## Task item
Every line from the one containing "Gorgecraft 4.7 Yards" to the end of the records below should be returned exactly; pictures are to be dropped.

## Exercise inputs

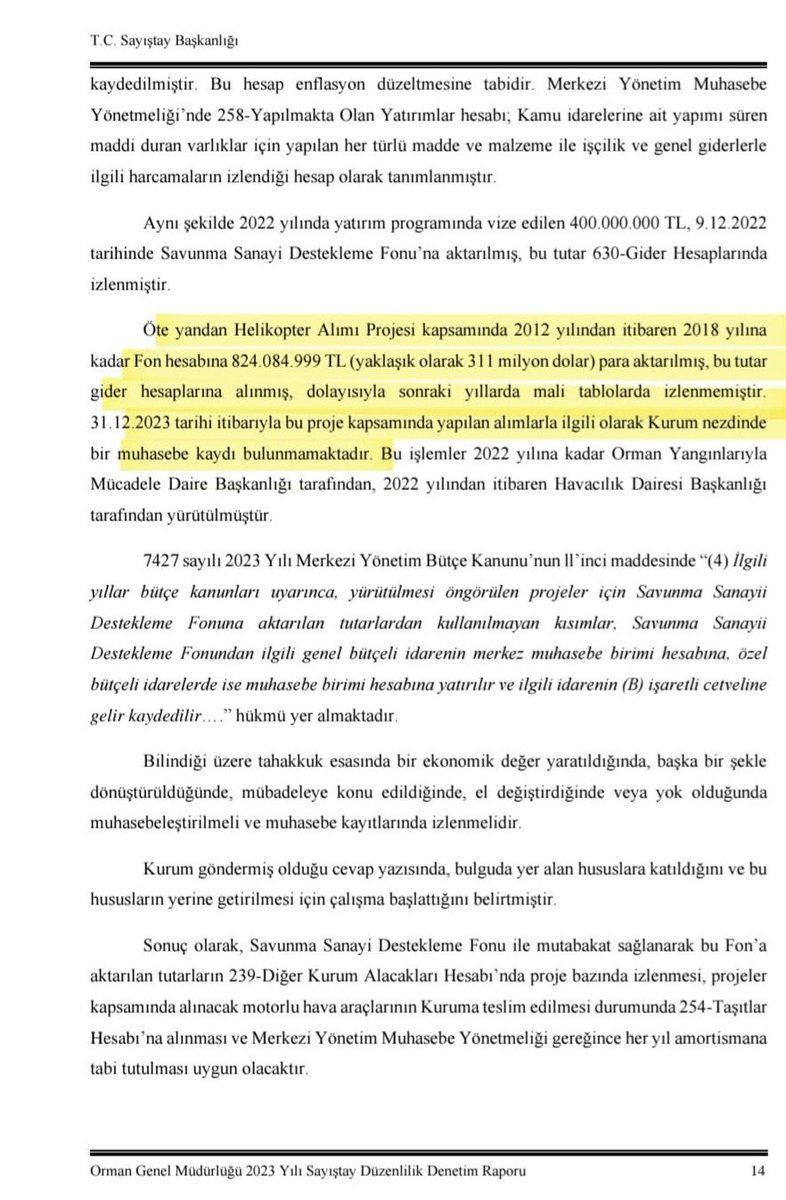 Defalarca uyardım…

Orman yangınlarına müdahalede kendi hava gücümüzü daha fazla yatırım yaparak güçlendirmemiz gerekiyor. 

Uçak ve helikopter alımı için fona yılda 500 Milyon TL ayrılırken, kiralamalara 1 yılda 3 Milyar 784 Milyon TL ödeyenler, bugüne kadar fondaki 311 Milyon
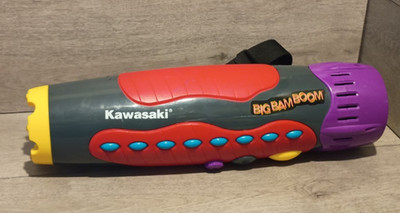 Vintage 1990s Kawasaki Big Bam Boom Electronic Drum Music Machine - tested 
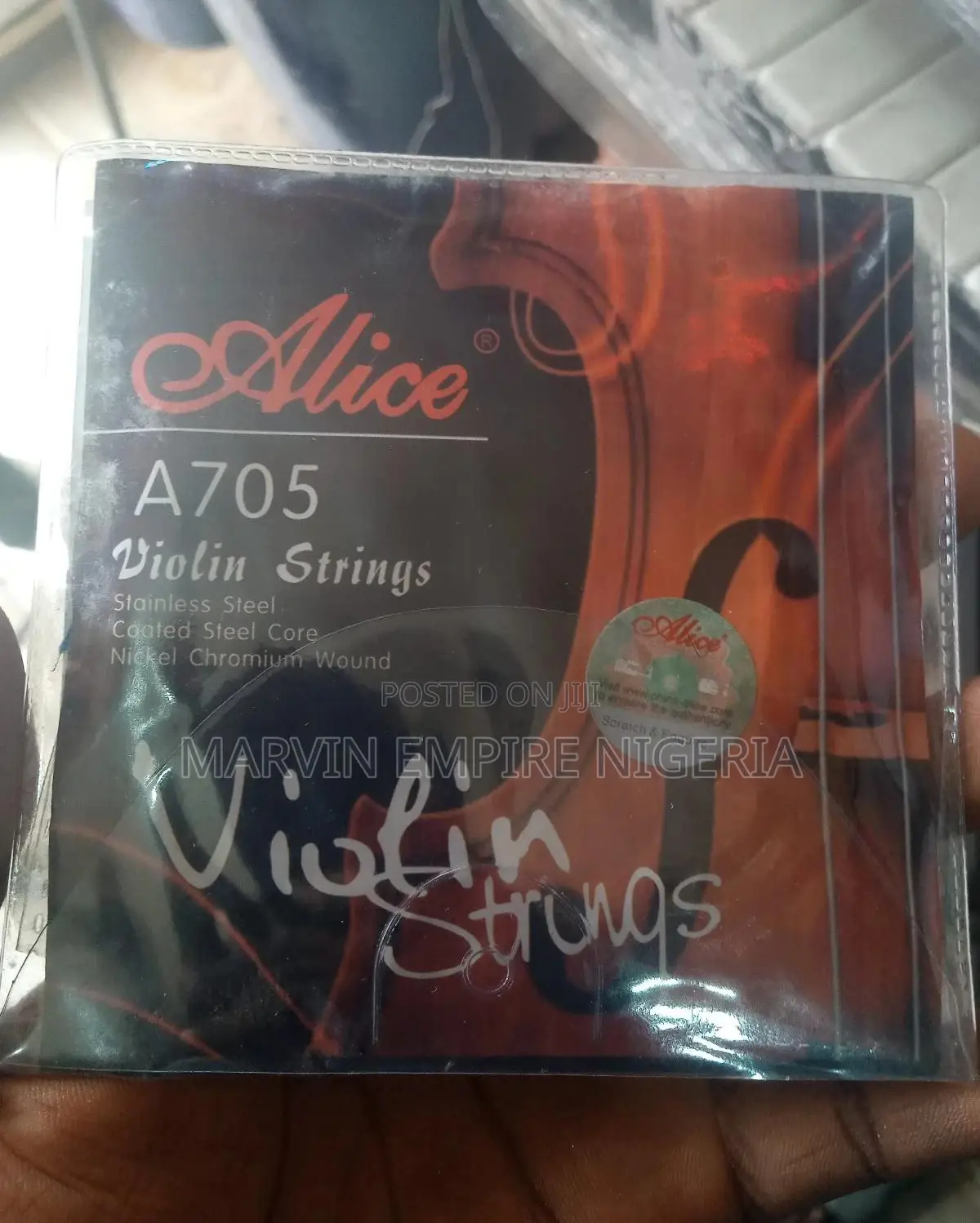 3 Sets Violin String Nickel Steel Core 1st-4th_ Alice A705
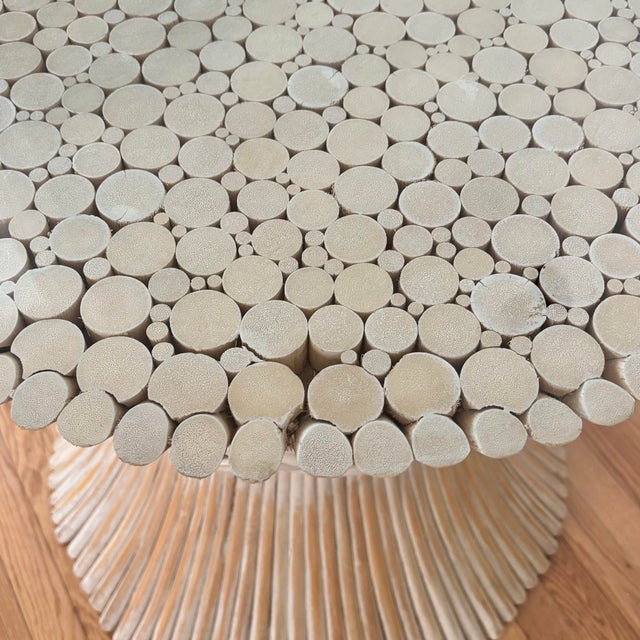 Wood 1970s Sculptural Sheaf of Wheat Bamboo Dining Table, After McGuire For Sale - Image 7 of 8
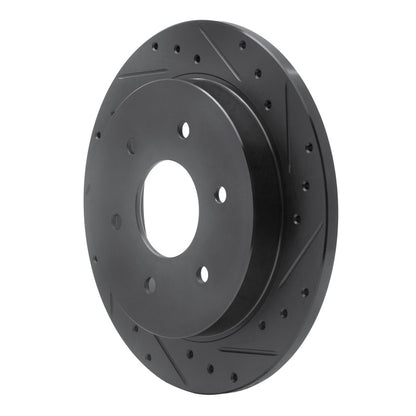 R1 Concepts R1 04-15 Infiniti QX56 Rear Right Drilled & Slotted Black Brake Rotor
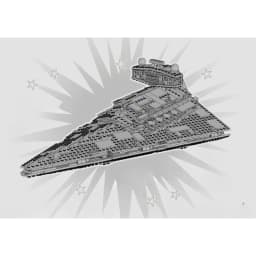 MOC Imperial Vessel Building Blocks Sets Compatible with Legoed Particles Suitable for Christmas Birthday Gifts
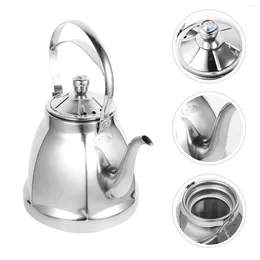 Dinnerware Sets Teapot Gooseneck Kettle Juice Carafe On Foot Beverage Pitcher Water Stainless Steel Pots Travel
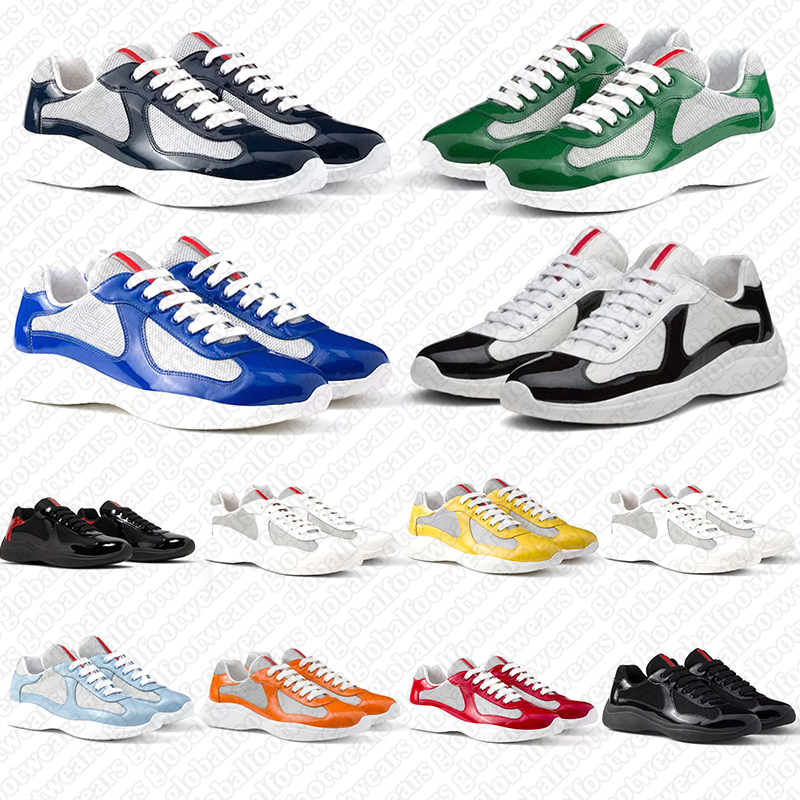 With box cups sneakers designer for men women patent mesh patchwork outdoor dress shoes breathable fashionable trainers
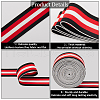 Gorgecraft 4.7 Yards Flat Nylon Striped Elastic Band OCOR-GF0003-84A-6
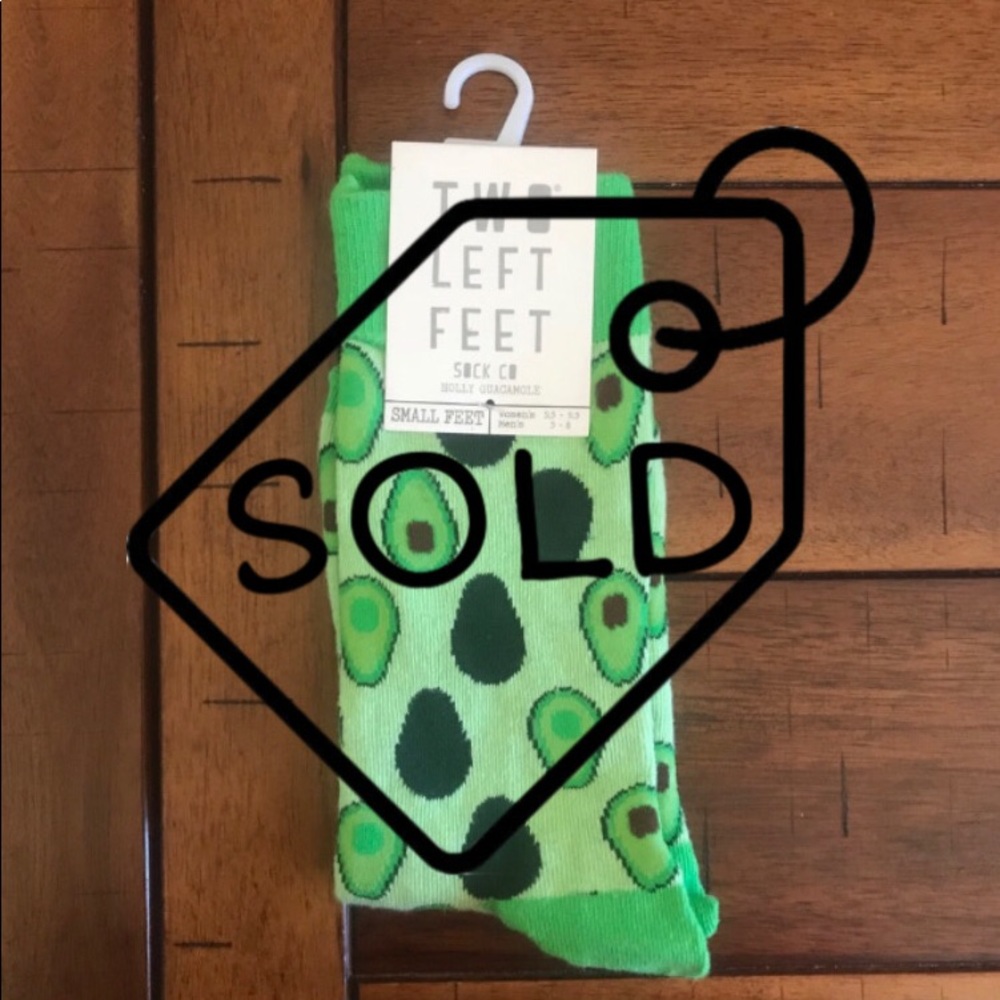 NWT✨ Two Left Feet Sock Co. Holly Guacamole Socks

## Expected answer
 Gorgecraft 4.7 Yards Flat Nylon Striped Elastic Band OCOR-GF0003-84A-6
 NWT✨ Two Left Feet Sock Co. Holly Guacamole Socks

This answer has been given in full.